Understanding the impacts of Meaningful Student Involvement on learning is essential for infusing the approach throughout classrooms. This article explores why that’s so and how it can happen.
When incorporated throughout learning and relationship-building in schools, it is more impactful on both students and adults. When it’s deeply brought into learning, relationships, practices, and policies, it will surely affect the culture of education. In turn, not only does it affect students and adults, but it affects the entire education system. It is only logical to assume that will produce the greatest number of outcomes. Stories throughout the rest of this book support that assumption. Meaningful Student Involvement can be a powerful and effective force for school improvement, increasing students’ commitment to their own achievement as well as to school goals and making schools, in turn, more responsive to the characteristics and needs of their students.
Meaningful Student Involvement does not force students to assume responsibility for every aspect of their learning and development. Instead, it assumes that educators are capable of facilitating students’ gradual assumption of responsibility. Through direct instruction, students build their knowledge of education, learning, teaching, leadership, student voice, the education system at large, school improvement, and Meaningful Student Involvement. Educators teach students about the functions of education research; school planning; classroom teaching; learning evaluations; systemic decision-making; and advocacy.
Collaborations at Heart
By establishing strategic Student/Adult Partnerships, educators can model and guide lifelong learning and determined action for school improvement. Mitra writes,
“[B]y assuming responsibilities and enacting decisions that have consequences for themselves and others… participating students develop a broad set of competencies that help them prepare for adulthood.” (2004)
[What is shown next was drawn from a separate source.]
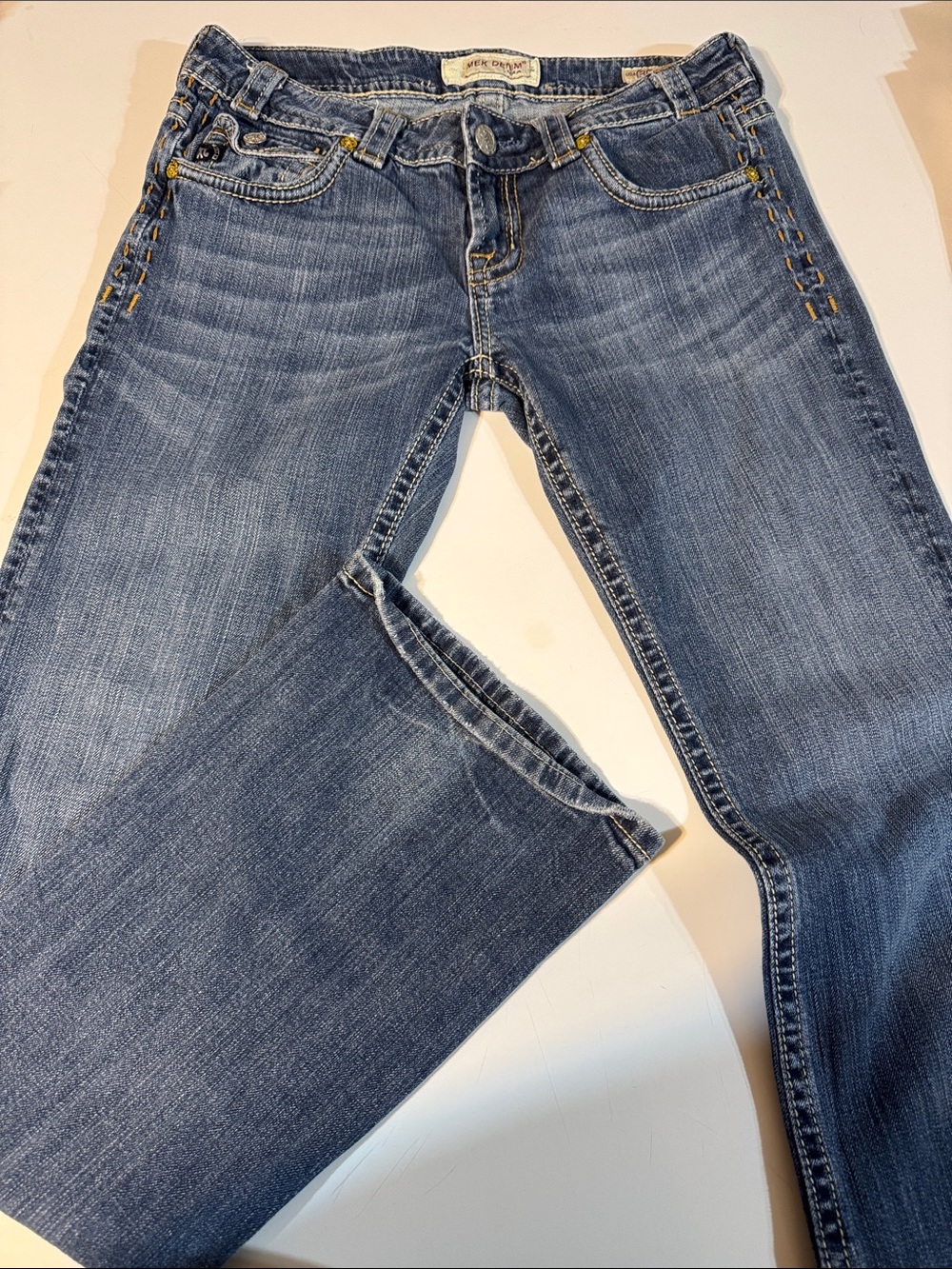 Womens Y2K‎ MEK  Low-Rise Blue Denim Jeans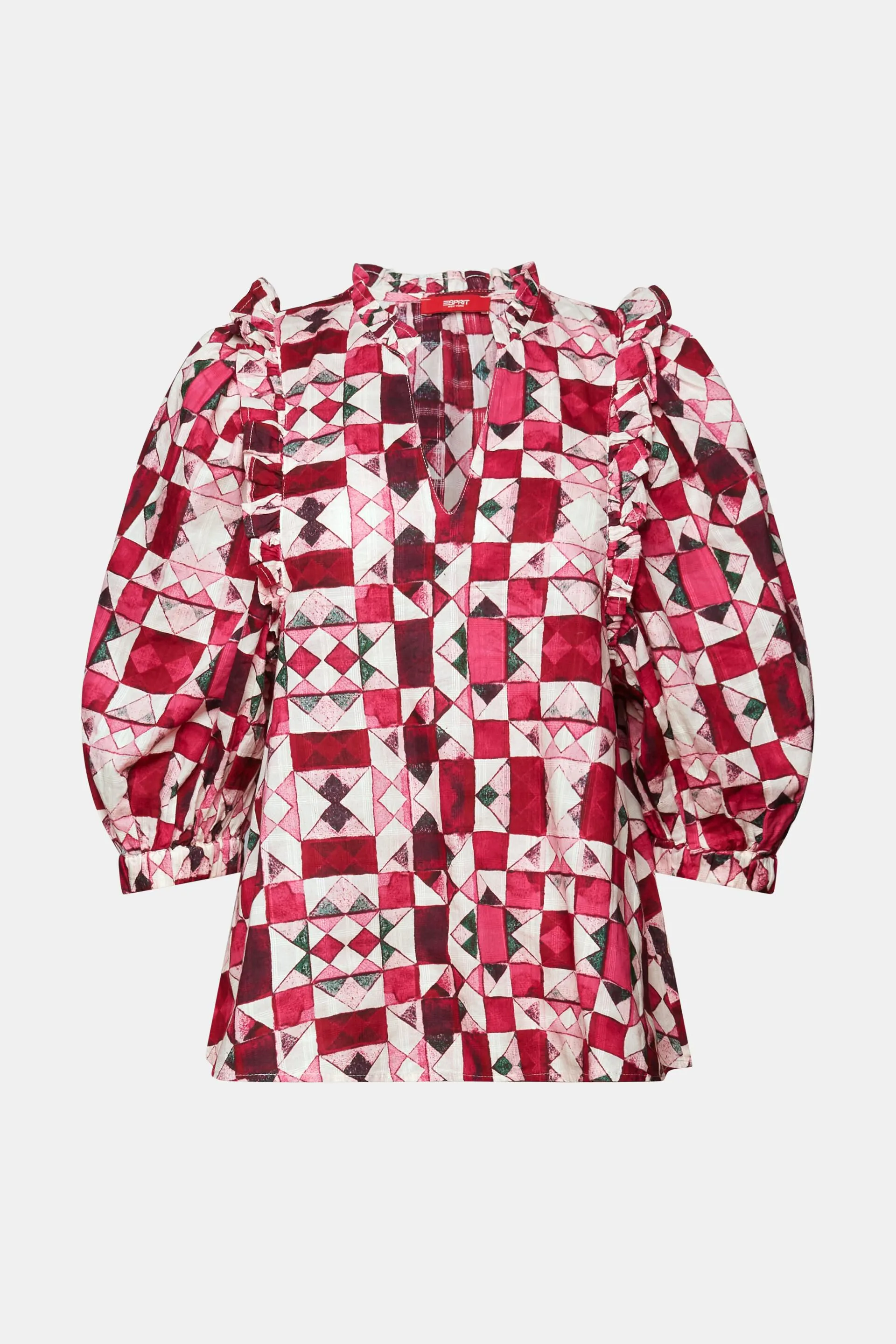 Blusa de algodón dobby con detalle de volante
They collaborate with learners in collegial learning communities, emphasizing every students’ ability to create positive change. They also give students plenty of opportunities for positive independent work that is deliberately chosen for its impact. This is not make-busy work or filler; instead, both students and adults understand that it is integral to the purpose of Meaningful Student Involvement. Again, adults deliberately model for students that they do this, too, as a course of their regular work in education as well as for the purpose of meaningfully involving learners. Finally, regular opportunities for reflection and sharing among students and between students and adults emphasize mutual learning and deep impacts. All of this can lead to deepened learning, which is the foundational aim of Meaningful Student Involvement.